If you run this code you will see the dendrogram and the cluster assignment table printed in the console. You can change n_clusters to 2, 3, or more to inspect different granularities. For larger datasets, compute silhouette scores or use business KPIs to select the right cut.


7. Example Output Table (sample result for n_clusters = 2)

ClusterCountMean Recency (days)Mean MonthlySpend (USD)
0315.0360.0
12190.065.0

Interpretation: Cluster 0 (C1,C2,C5) are recent, high-spend customers — ideal for premium loyalty programs and personalized offers. Cluster 1 (C3,C4) are lapsed/low-spend customers — candidates for win-back campaigns or cost-effective reactivation strategies.

8. Visualization

Key visual outputs you should produce for a report:

  1. Dendrogram — shows hierarchical merges and suggests cut height for clusters.
  2. 2D scatter plot (if working with two features) — color points by assigned cluster and show cluster centroids.

The Python code above produces the dendrogram. For a scatter plot, reverse scale the standardized centers to original scale and plot Recency vs. MonthlySpend colored by cluster.

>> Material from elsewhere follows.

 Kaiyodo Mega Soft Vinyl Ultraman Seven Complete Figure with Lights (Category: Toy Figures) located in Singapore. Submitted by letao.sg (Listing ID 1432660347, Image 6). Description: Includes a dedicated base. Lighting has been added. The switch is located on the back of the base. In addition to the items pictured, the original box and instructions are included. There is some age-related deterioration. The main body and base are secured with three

9. Business Interpretation & Targeted Marketing Actions

Using the clusters produced by hierarchical clustering, business teams can define targeted actions:

  • High-value recent customers (Cluster 0): priority retention — exclusive offers, early access, personalized recommendations, premium service lines.
  • Low-value lapsed customers (Cluster 1): low-cost reactivation — win-back email drip, targeted discounts, reminders of new products.
  • Multi-level targeting: The hierarchical tree allows choosing different granularity—e.g., cut into 4 clusters to separate occasional medium spenders from tiny one-time buyers.
  • Measure impact: Use A/B tests to measure lift from segment-specific campaigns (conversion, CLTV uplift) and refine segmentation accordingly.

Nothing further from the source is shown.